What is the solution to the elimination of empathy? As marketers, we owe it to ourselves and to our communities to abandon tactics that persuade people to deprive themselves of empathy. If our products and services are good enough, we should be able to reach people without resorting to soul-crushing marketing tactics. Instead of telling people to simply buy more stuff to feel better, let’s find ways to persuade people to behave with more empathy towards each other and work our products and services in more organically to the ideal outcome. As individuals, we desperately need to find our tribes, find our people in the world and start there, start rebuilding a sense of concern and care for those closest to us – and then those close to them, and so on and so on until we remember why we should care about each other – and how good it feels when we do. Wherever you are, whatever your belief system, I hope that you have a chance to rest this holiday season, gather together with people you care about, and refresh yourself for the year ahead. This past year was a blur, while 2020 felt like a slog, but there are some days when I still think it’s March 657, 2020 instead of 2022. Thank you for being here with me this year.

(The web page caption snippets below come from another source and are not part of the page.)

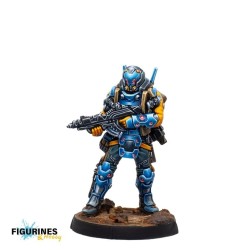 Infinity PanOceania Kestrel Action – 10 figurines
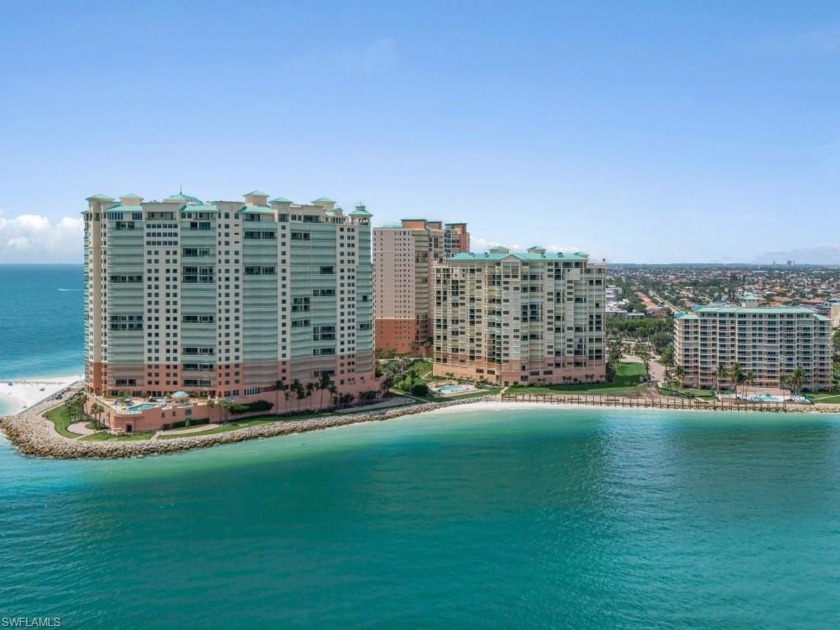 Enjoy breathtaking Gulf views from this exquisitely redesigned - Beach Condo for sale in Marco Island, Florida on Beachhouse.com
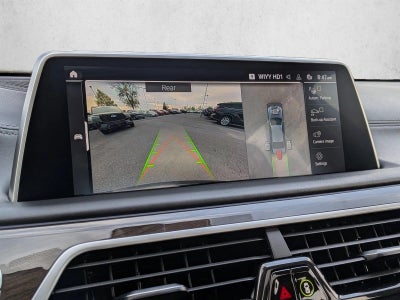 2022 BMW 7 Series 750i xDrive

This week and next, the newsletter will be a little shorter. Actually, a lot shorter, because we all want to enjoy the holidays as best as we can. One interesting exercise I think worth considering is a non-work catalog of the year. We all do reviews of some kind, be it quarterly reviews, annual reviews, etc. and we have – or should have – a decent sense of where we are in our professional lives. When was the last time you gave yourself a non-professional annual review? Look at the things we ask on annual reviews, like the GOOD framework from Quantum Workplace.

What goals did you set out for the year? Did you achieve them? What things stood in the way of your goals? Were you able to work around them? What did you pursue for learning and professional development to increase your skills? What will you do more of next year? What will you do less of? That framework is useful for the workplace, but also really useful for the rest of your life. Where are you with your friendships and relationships? What goals, obstacles, opportunities, and decisions did you have this past year? For example, I’ve doubled down on Slack and Discord and participating in some creative communities that have really nurtured my soul, something essential during the last two years. Where are you with your personal finances? What goals, obstacles, opportunities, and decisions did you have this past year? For example, I set some saving goals this year that I managed to hit. Where are you with your spiritual life? What goals, obstacles, opportunities, and decisions did you have this past year?

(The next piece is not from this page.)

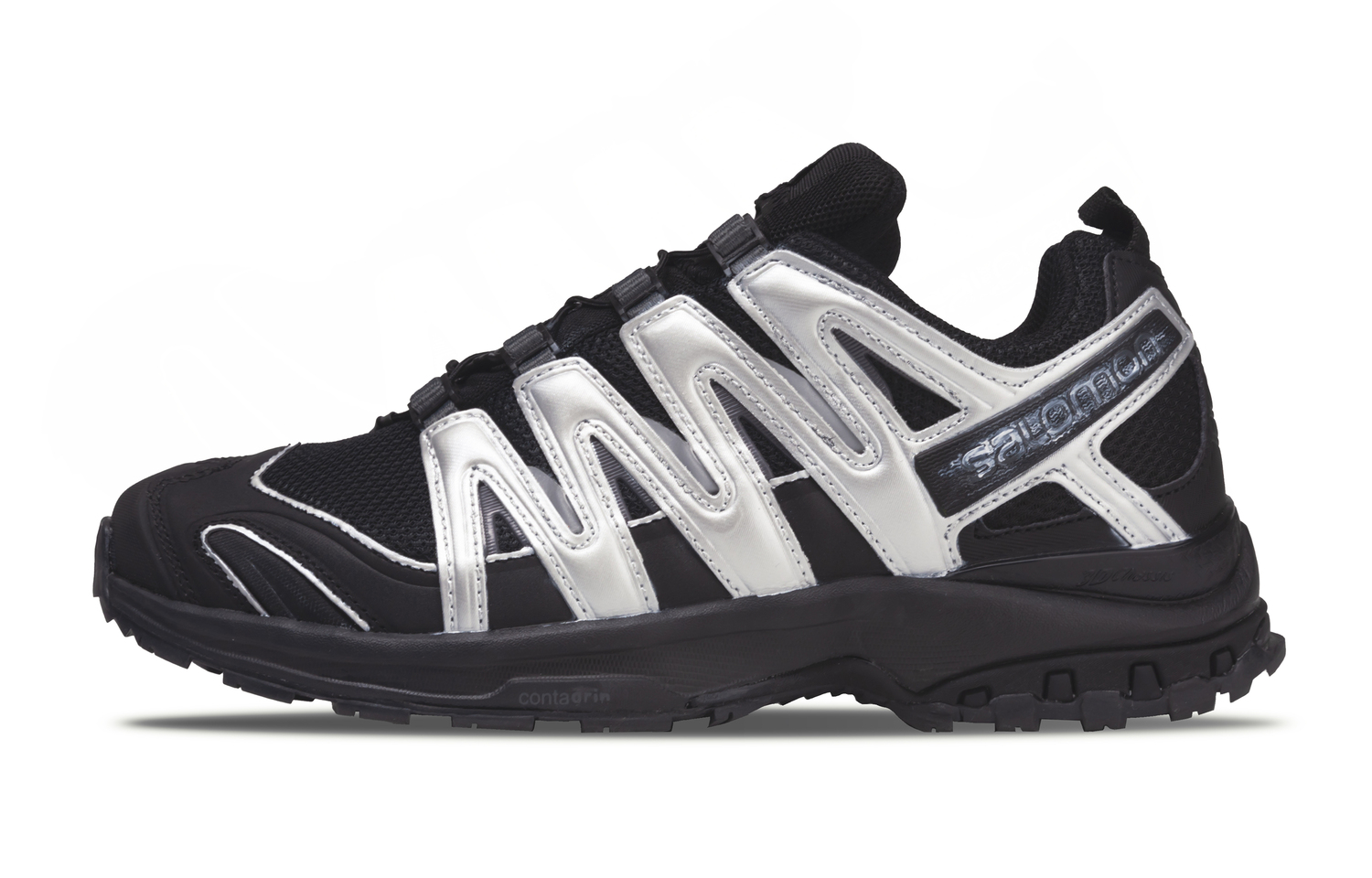 SALOMON Кроссовки для бега XA PRO 3D LA YAUTE низкие, устойчивые к истиранию, unisex, Black Silver
SALOMON Кроссовки для бега XA PRO 3D LA YAUTE низкие, устойчивые к истиранию, unisex, Black Silver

For example, I set a goal to do more meditation, and missed that goal. Where are you with your health? What goals, obstacles, opportunities, and decisions did you have this past year? I set a goal this past year to run a 5K. Not only did I do that, I managed to improve my fitness so much that I basically run a 5K every weekend. Where are you with your self-expression? What goals, obstacles, opportunities, and decisions did you have this past year? For example, I started doing more tech writing last year and wanted to continue into the new year, and I managed to do quite a bit more, exceeding my goal. Before we can talk about our goals and plans for the next year, we need to look at the year that was. We need to do our performance review for the non-work parts of our life – and if it turns out that we got a bad review, that’s okay. That’s the place we start for building a better plan for the next year, and unlike a job where a bad review just gets us fired, a bad review in our personal lives is the blueprint for what’s next for us. Take the time if you can to do this review for yourself and see how things went for you for everything outside your technology work.